Constatamos a presença de pessoas com deficiência nessa “caixa”, mas identificamos que
elas não estão completamente incluídas, em função da ocorrência de certas atitudes intolerantes,
como não permitir, não querer, ou não gostar que pessoas com deficiência intelectual participem
dos momentos de sala de aula. Tais atitudes, chamamos de assimilacionistas.
Na pesquisa, identificamos a infantilização, as atividades diferenciadas, os conteúdos
mecânicos e repetitivos, enfim, é como se os alunos fossem como hóspedes mal aceitos, pelos
anfitriões da escola, os que se consideram donos da sala de aula, da escola, os “normais”.

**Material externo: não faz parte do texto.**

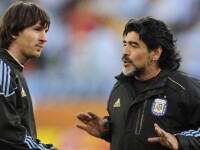 Mesajul postat de Lionel Messi, după decesul lui Maradona: 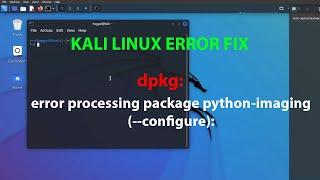 LINUX EROR FIX: dpkg: error processing package python-imaging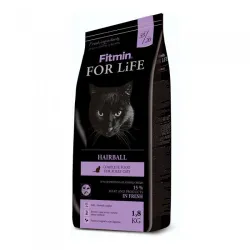 Сухий корм для довгошерстих котів (для виведення шерсті) Fitmin For Life Hairball 1,8 кг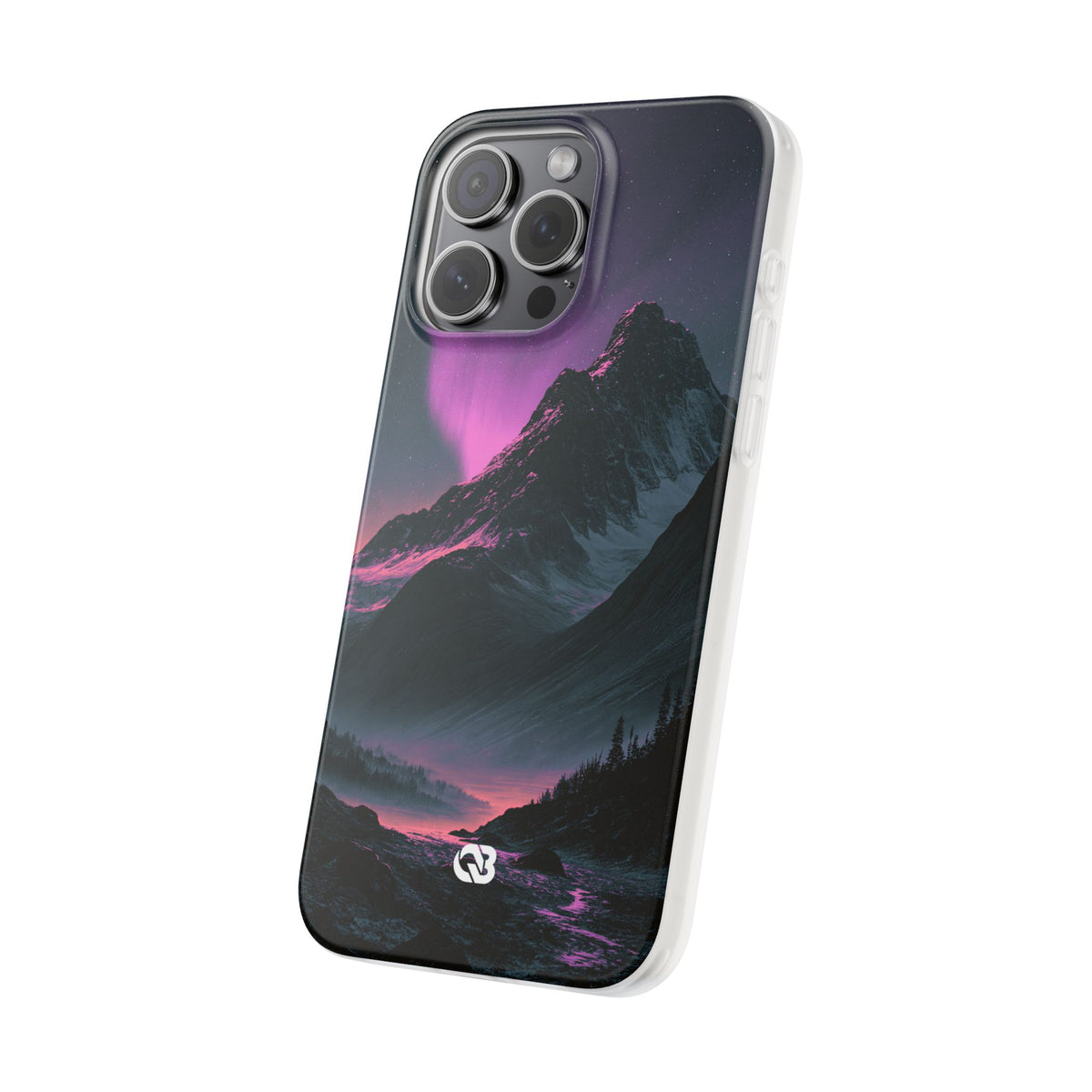 Arctic Aurora Summit · Lite Phone Case for iPhone ·  Black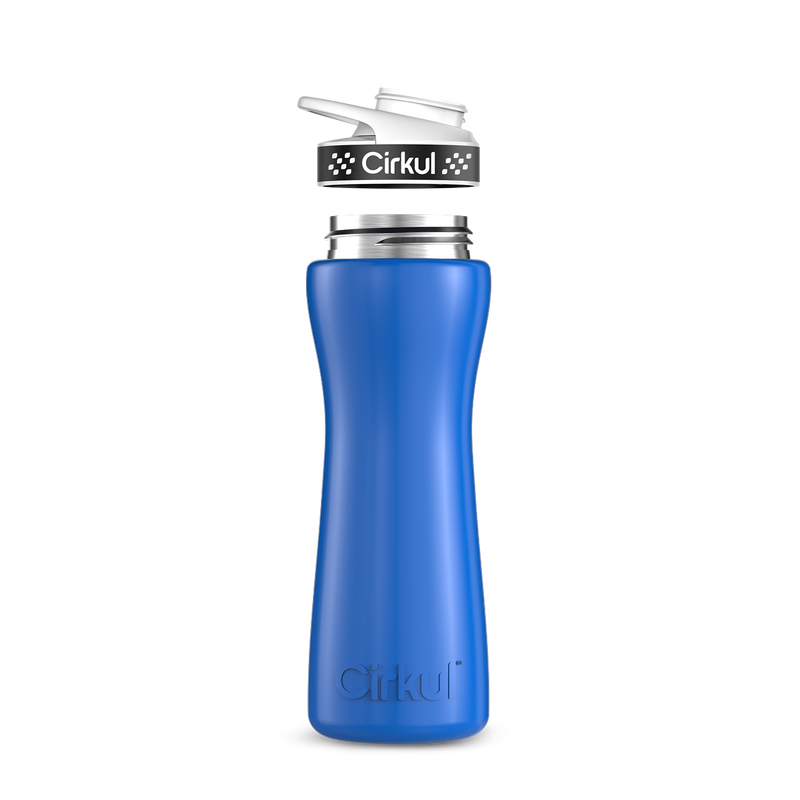 22oz. Stainless Steel Bottle & Comfort Grip Lid | Studio Pick
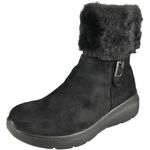 LoudLook Ladies Winter Boots Womens Snow Warm Faux Fur Lined Zip Comfy Casual Shoes Size 3-11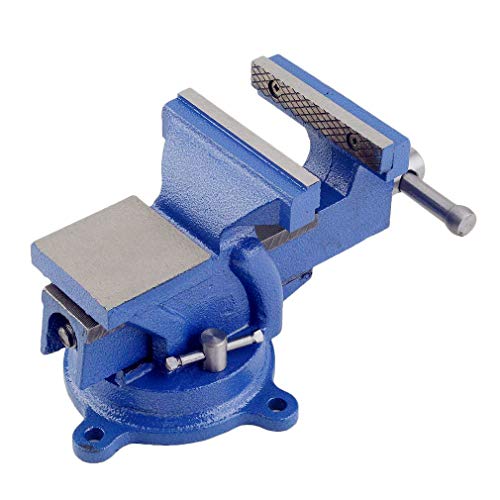 6-Inch Swivel Bench Vises,Heavy Duty Steel Workshop Bench Clamps E...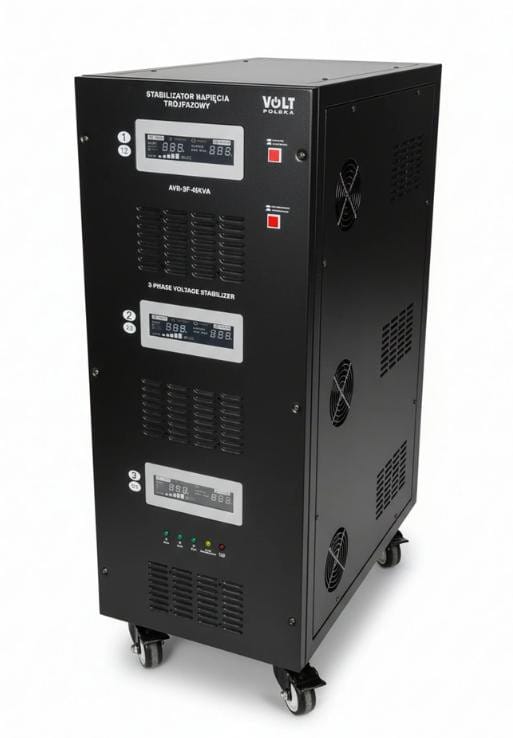 Stabilizator napięcia trójfazowy Volt Polska AVR PRO 45000VA 3% SERVO 3-F
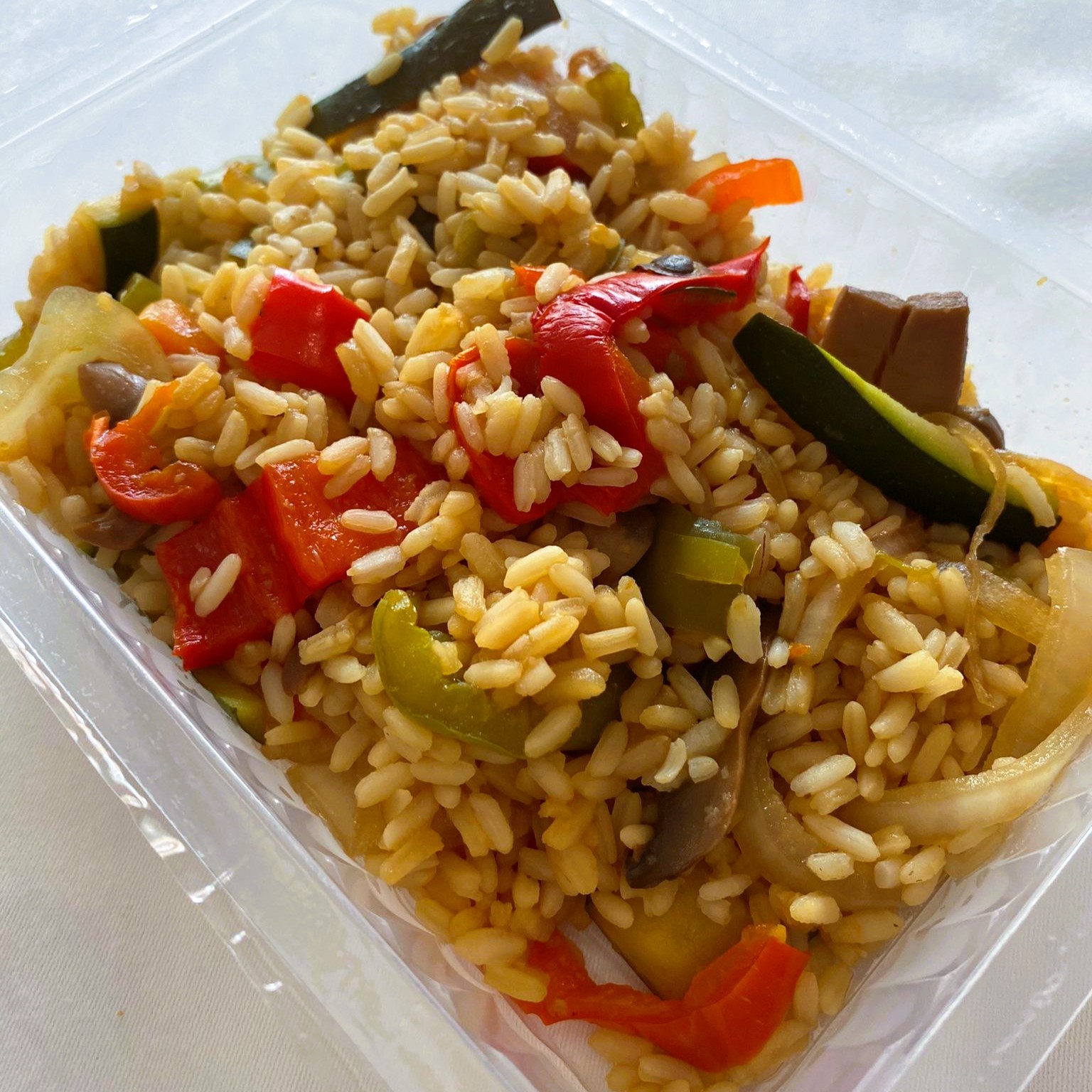 Arroz Salteado con Verduras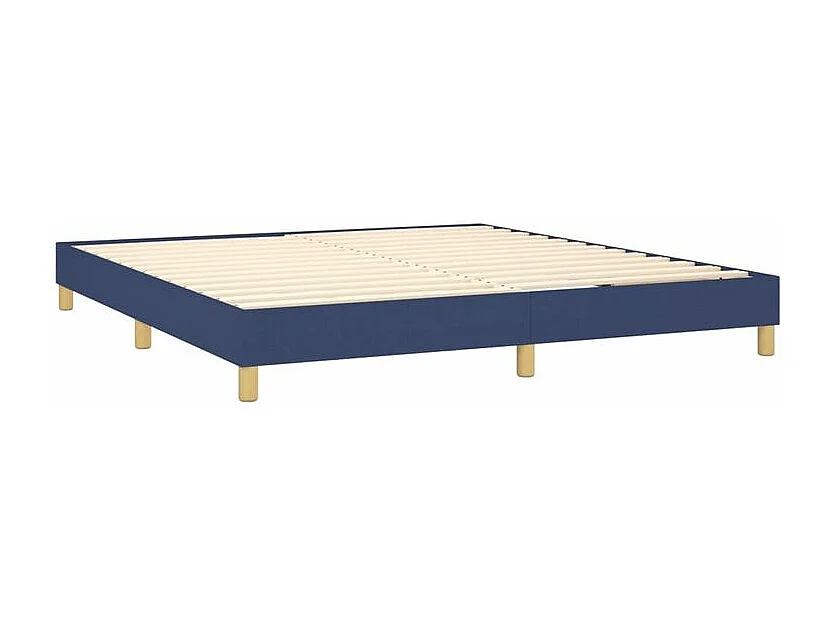 Sommier à lattes de lit avec matelas Bleu 160x200 Tissu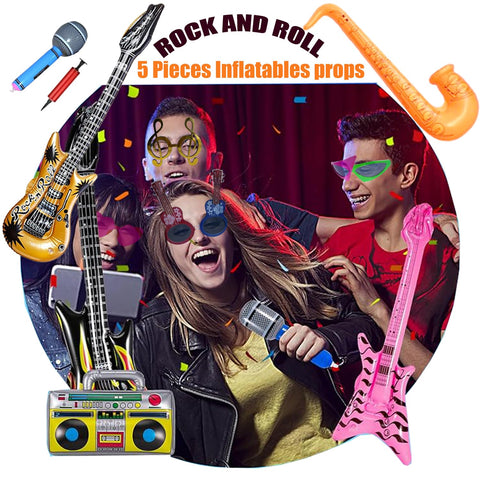 HeyTop inflatable music props boost energy and variety in photos.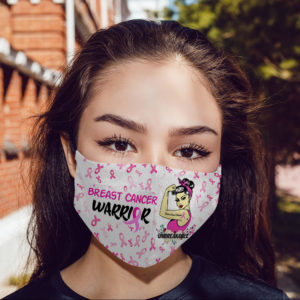 Breast Cancer Warrior Unbreakable Face Mask  Breast Cancer Awareness Face Mask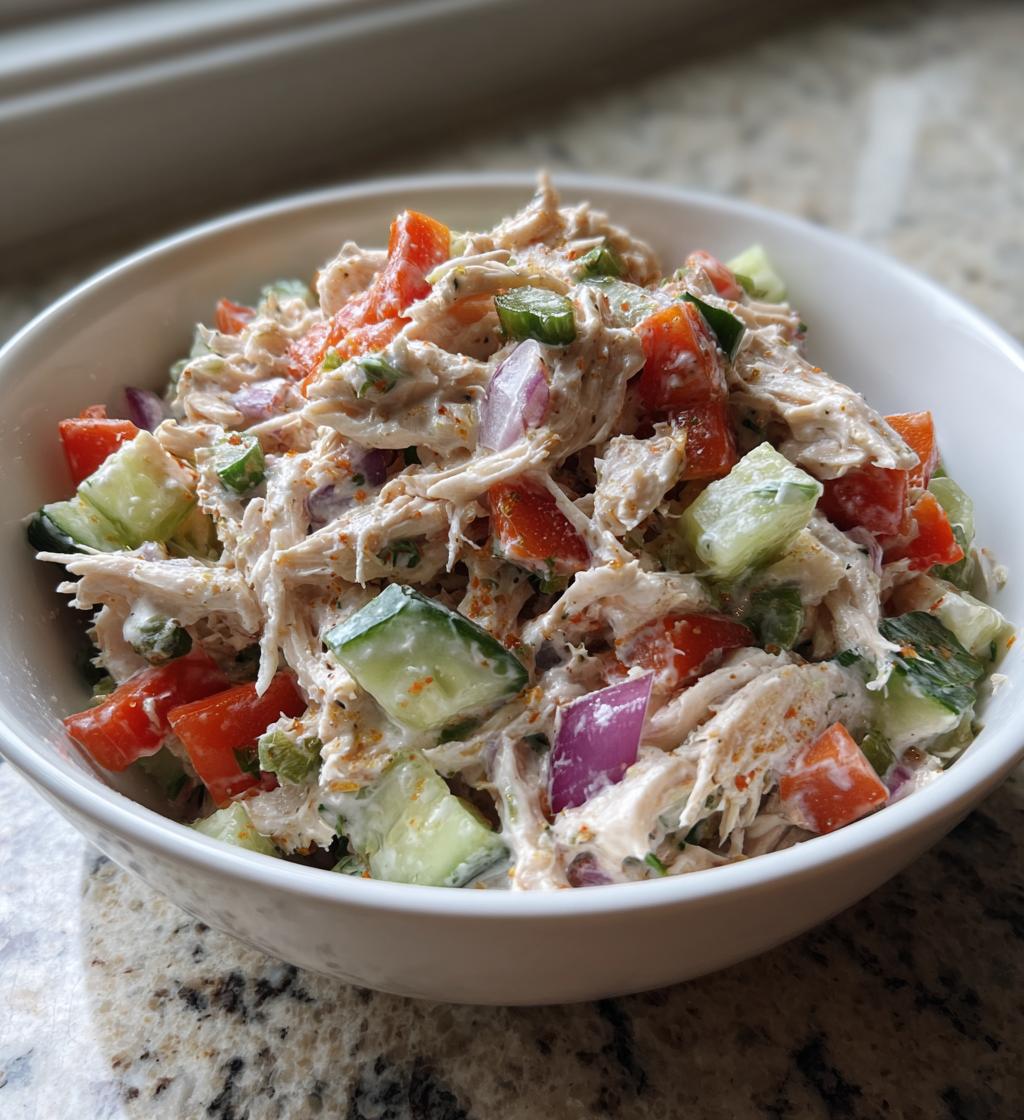 Zerrissener Hühnersalat nach Bethenny Frankel - detail 1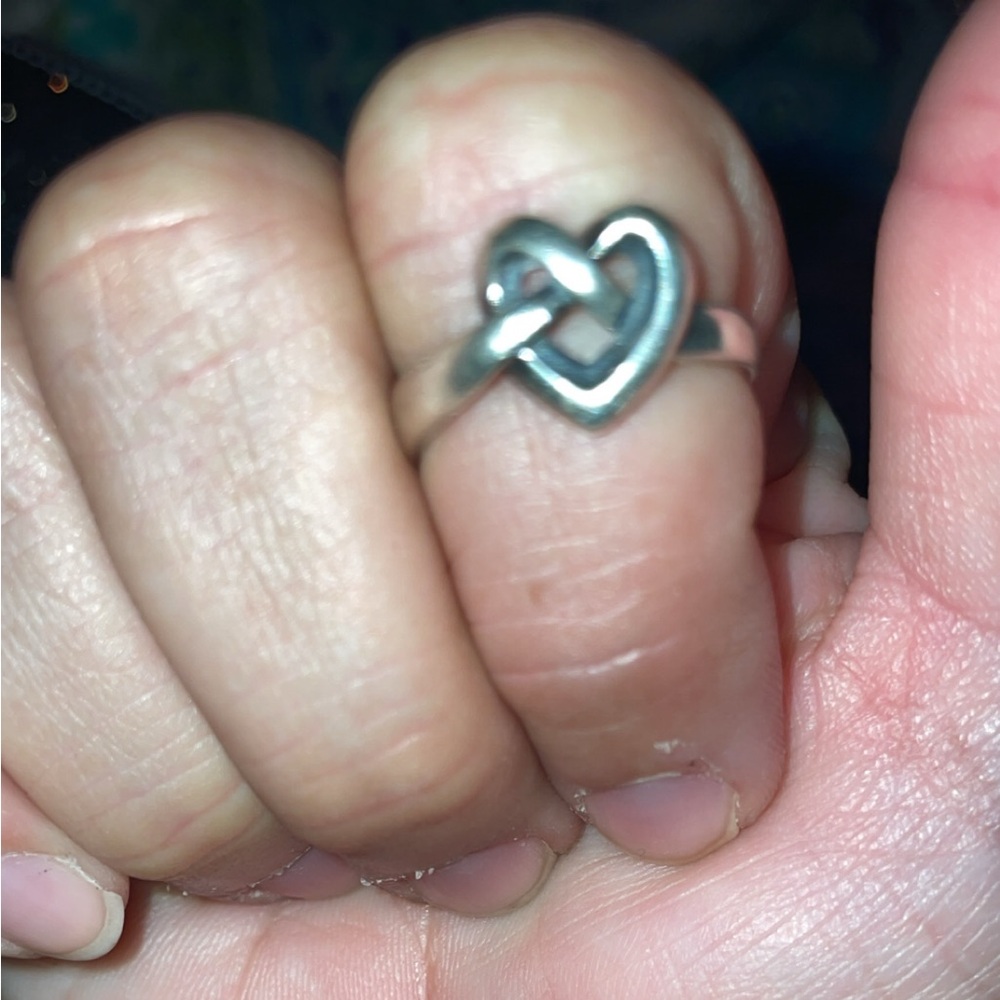 Silver Heart Ring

Consideramos aqui a inclusão escolar uma prática que ainda não está plenamente
consolidada, por este motivo não podemos classificar a aula que constituiu o corpus analítico
deste estudo, como uma aula excludente, do mesmo modo, também não é possível afirmar que a
mesma foi totalmente inclusiva.
Contudo, esta pesquisa, desenvolvida em uma turma da segunda etapa de EJA, de uma
escola pública de Belém do Pará, deixa claro, a necessidade de problematizar como as questões
sobre a inclusão de pessoas com deficiência estão sendo pensadas e planejadas, para uma melhor
compreensão sobre os aspectos subjetivos imbricados nesse processo. Assim como, disponibilizar
suporte por meio de conhecimentos teóricos e práticos aos profissionais que atuam na Educação
de Jovens e Adultos, favorecendo, desse modo, as relações dialógicas no processo de ensino e
aprendizagem de alunos com deficiência intelectual, inseridos nesta modalidade. A participação
da pesquisadora em ações pedagógicas desenvolvidas na escola aponta a dimensão do quanto o
grupo já caminhou e o quanto falta avançar, respeitando a forma de cada educando interagir com
o mundo.
Temos a certeza de que pesquisar as Interações Sociais de Pessoas com Deficiência no
campo da Educação de Jovens e Adultos nos desafiam como pesquisadora, mas também nos
fortalecem como pessoa, quando revelam que as interações mostram novos caminhos para se
viver a inclusão. E aqui começam outras caminhadas.